**Pictures with short captions**:
^^^^^^^^^^^^^^^^

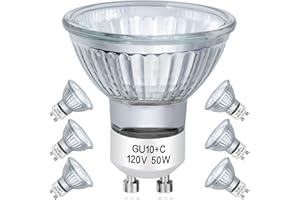 YBEK GU10 Halogen Light Bulbs 50W 120V MR16 Dimmable for Track,Recessed,Accent Lighting,Ceiling Light,Scent Wax Burner,Warm White(Pack of 6)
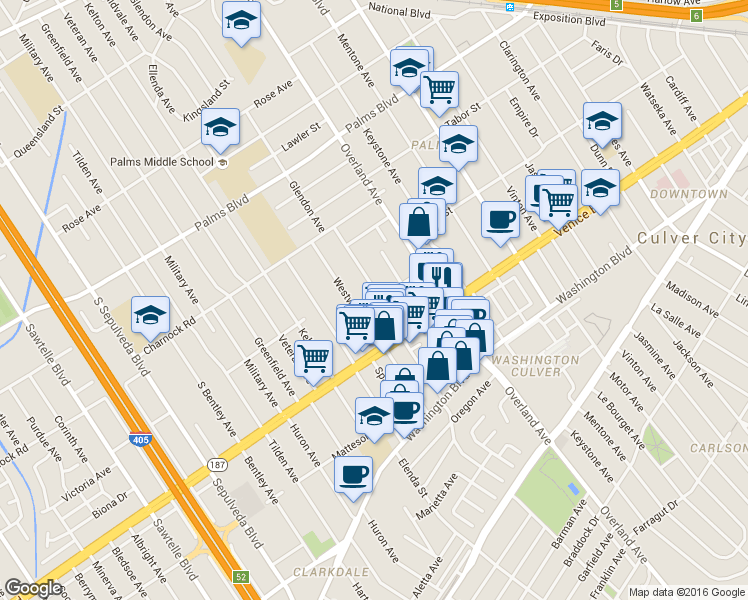 map of restaurants, bars, coffee shops, grocery stores, and more near 3745 Glendon Avenue in Los Angeles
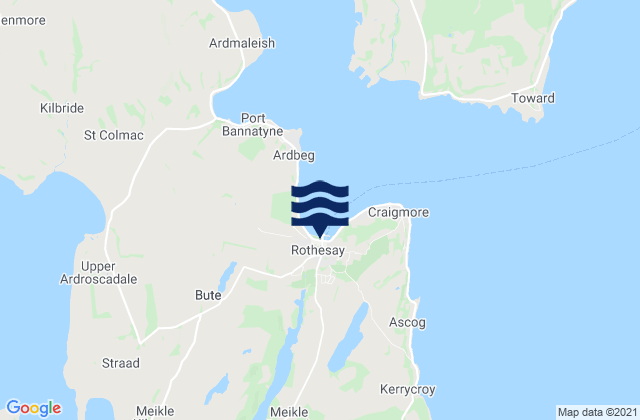 Karte der Gezeiten Isle of Bute, United Kingdom
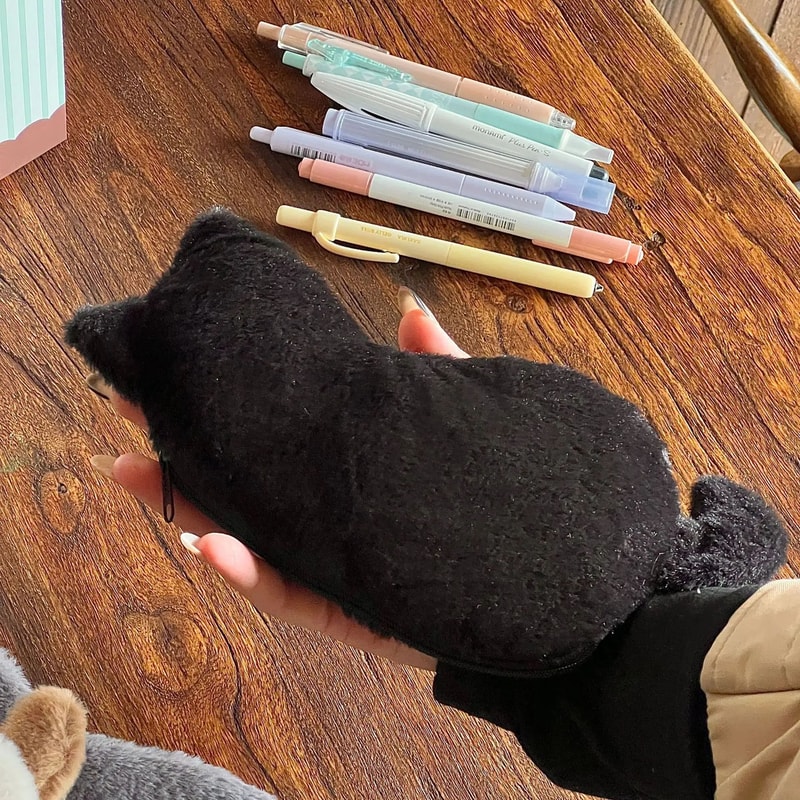 Plush Cat Pencil Case Storage Bag 8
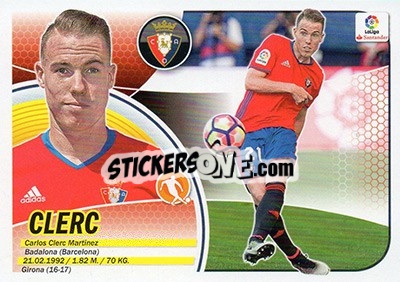 Sticker 43. Clerc (CA Osasuna) - Liga Spagnola 2016-2017 n. 723 - Colecciones ESTE
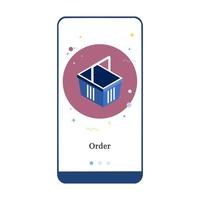 illustrazione vettoriale della promozione del negozio online, e-commerce e aggiunta al grafico sulla schermata dell'app di onboarding e sul concetto web. interfaccia shopping online ux, modello di schermata ui gui per smartphone o web.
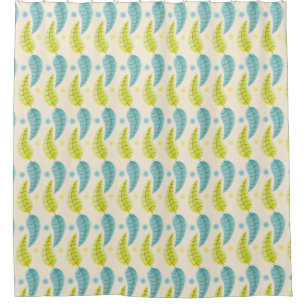 Rideau de douche feuille Chartreuse et Aqua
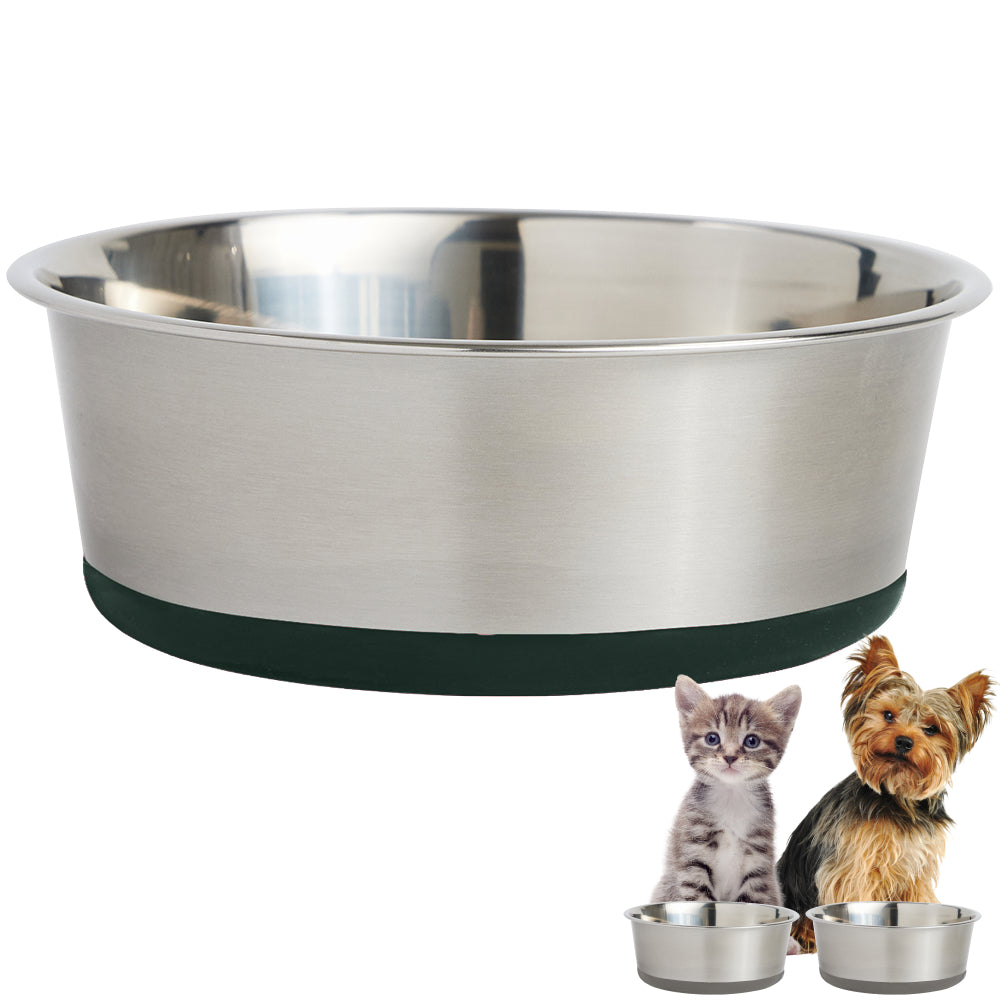 Stainless Steel Dog Bowl (Single) Gorilla Grip Hunter Green 2 Cup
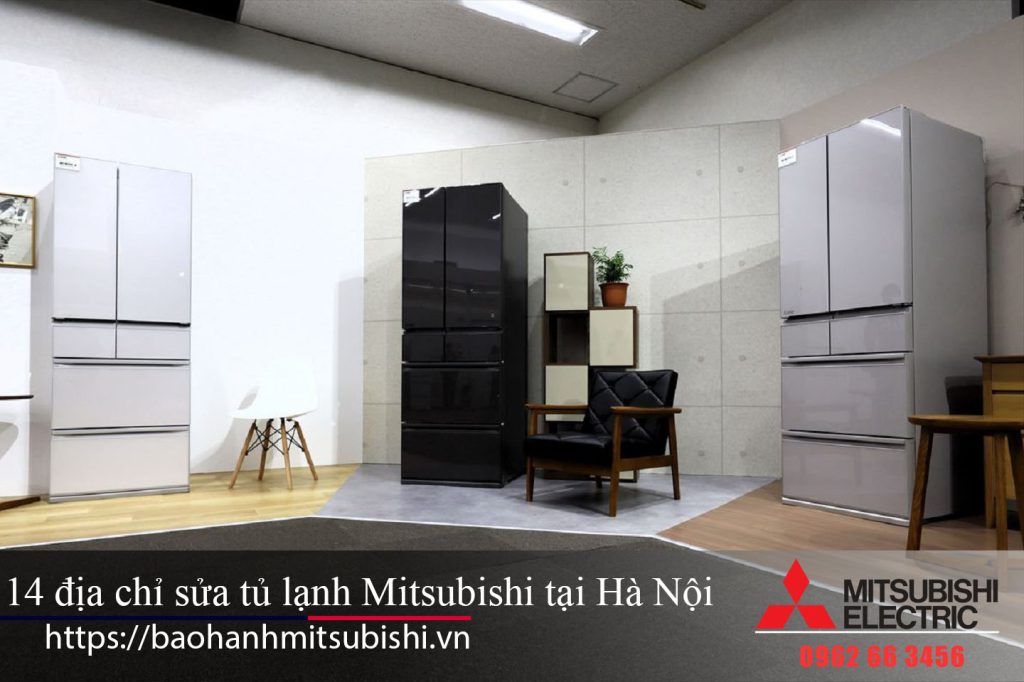 Modern Mitsubishi refrigerators display sleek black and white finishes, ideal for contemporary kitchen designs, offering reliable cooling technology from Mitsubishi Electric.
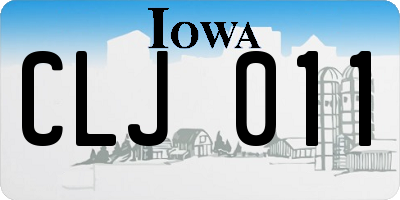 IA license plate CLJ011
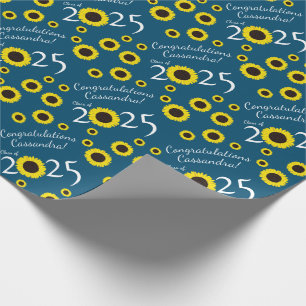 Zonnebloemen LandgraduPartij Blauw Cadeaupapier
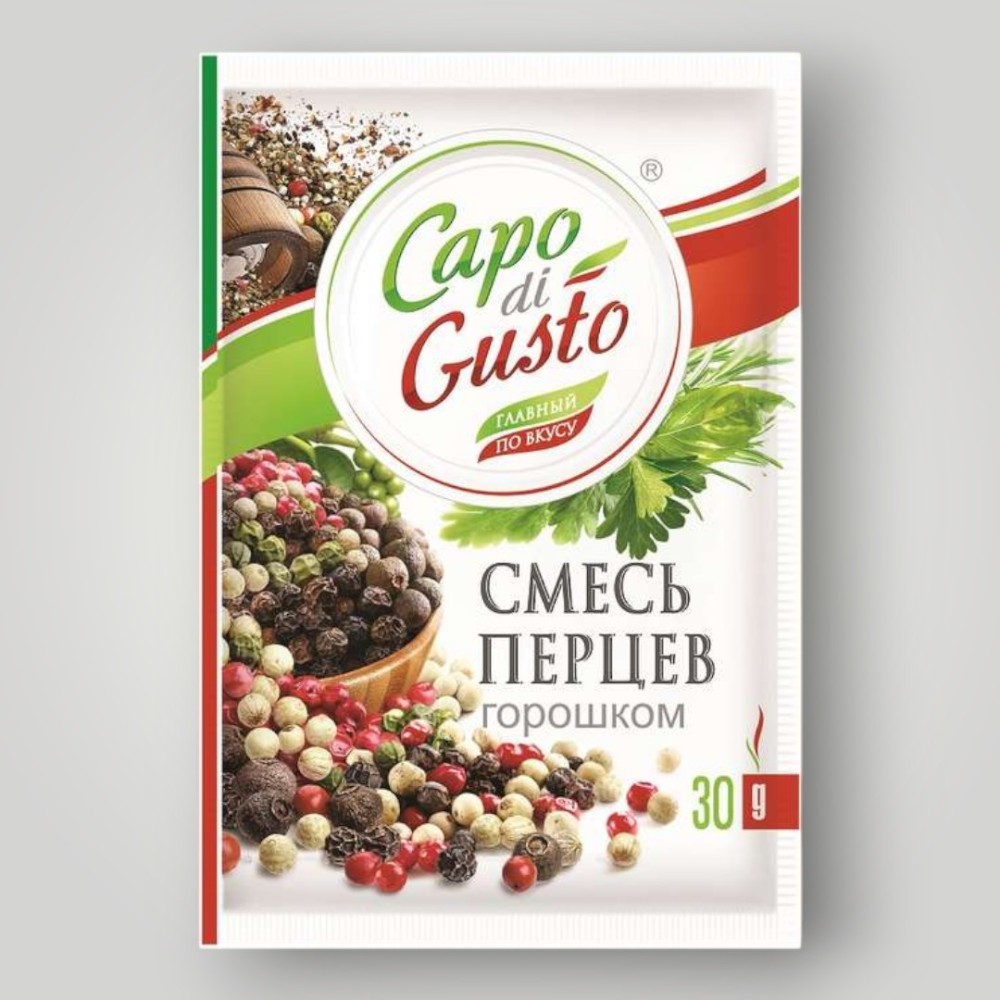 Смесь перцев горошком ТМ "Capo di Gusto" 30г*30шт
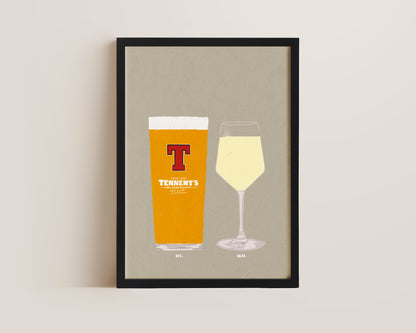 Tennent's & White Wine Print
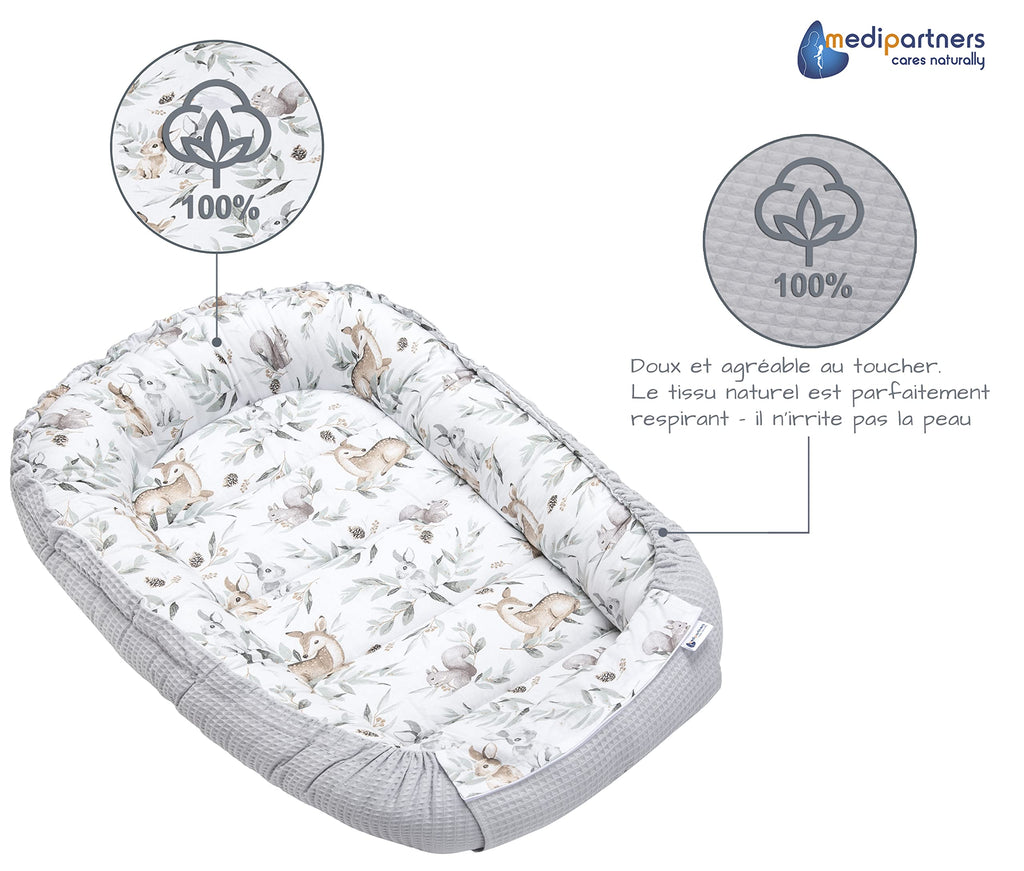Medi Partners Reducteur de Lit Bebe - Réducteur Bébé 100x60x15cm Cocon et Naissance couffin Nid d'ange 100% Coton Gaufre (Glade avec Gaufre Grise)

^^^^^^^^^^^^^^^^

**Exercise requirements**:
Return only the lines that start at the line containing "Zonnebloemen LandgraduPartij Blauw" and finish at the last line of the entries, exactly as written and without pictures.

**Result of this exercise**:
 Zonnebloemen LandgraduPartij Blauw Cadeaupapier
 Смесь перцев горошком ТМ "Capo di Gusto" 30г*30шт
 Tennent's & White Wine Print
Medi Partners Reducteur de Lit Bebe - Réducteur Bébé 100x60x15cm Cocon et Naissance couffin Nid d'ange 100% Coton Gaufre (Glade avec Gaufre Grise)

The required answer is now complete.